Effect of Transverse DC Magnetic Field on the Impedance Matching and Morphology of a Microwave Atmospheric Pressure Plasma Jet

Impedance matching plays a vital role in a microwave atmospheric pressure plasma jet (MW-APPJ). However, real-time tuning of MW-APPJ impedance matching has rarely been investigated. In this study, we have found that the dissipated microwave power and length of a MW-APPJ are effected by the application of a DC-bias magnetic field. By placing a MW-APPJ in a gap between two electromagnets, the consumed microwave power varied with the insertion position of the MW-APPJ. When the MW-APPJ was fixed at the center of the electromagnets, the consumed microwave power decreased as the DC magnetic field intensities increased, from 12 to 750 mT. The variation of consumed microwave power was much higher at lower gas velocities, which indicates that the DC magnetic field has a relatively strong effect on microwave plasma with lower gas velocity. The length of the plasma jet also decreased with increasing DC magnetic field, which was mainly due to the variation of the consumed microwave power.
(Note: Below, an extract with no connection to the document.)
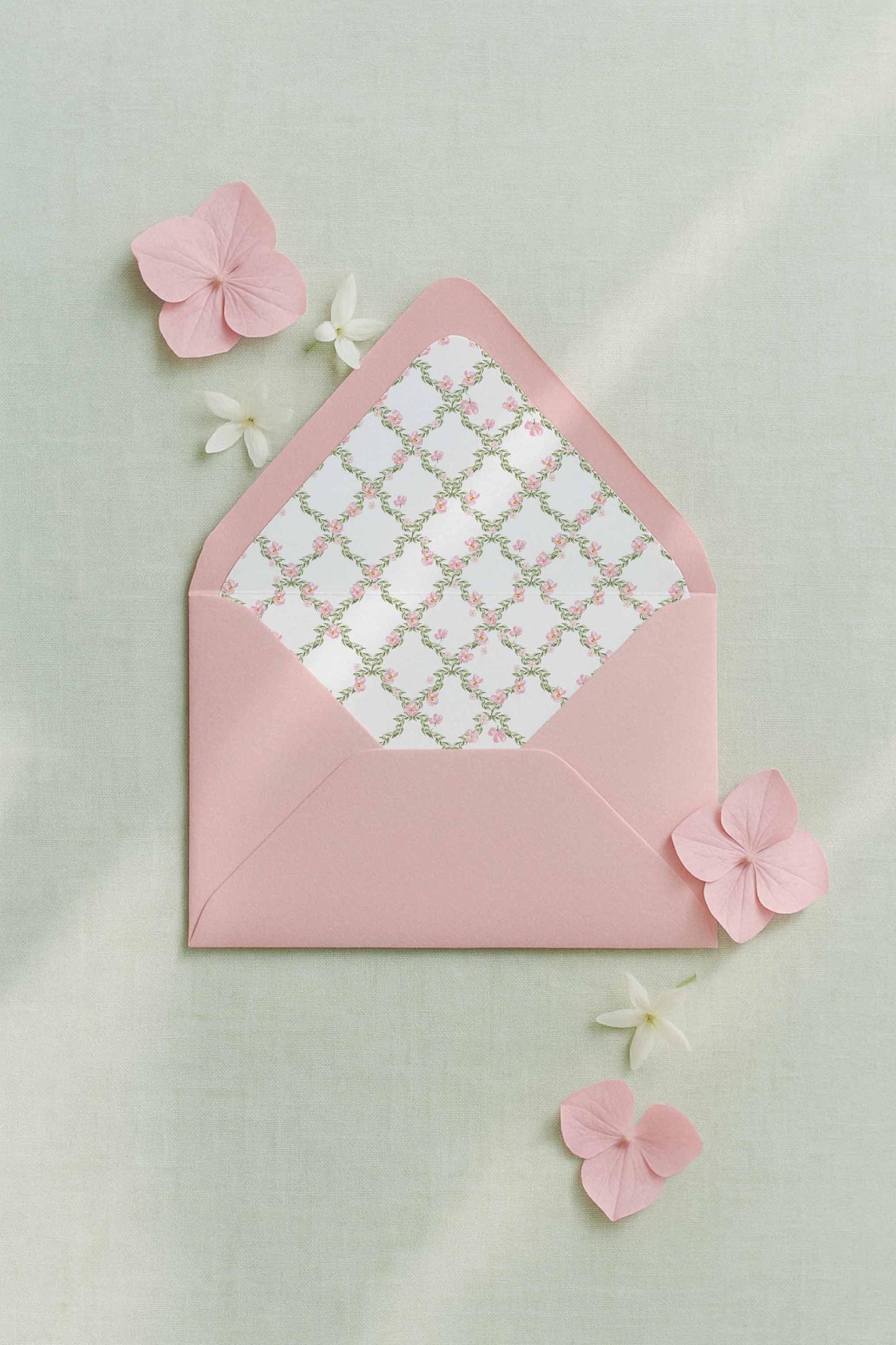 Watercolor Trellis Wedding Invitation Suite Template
To explain these interesting phenomena, the effective permittivity of microwave plasma and the equivalent circuit model of a generator under DC-bias magnetic field have been analyzed. The effective permittivity of the plasma is related to its cyclotron frequency, which is a function of the DC-bias magnetic field. The variation of the effective permittivity changes the load impedance of the plasma generator. Therefore, the reflection coefficient of the plasma generator is adjusted and the length of the plasma jet varies with the change in consumed microwave power.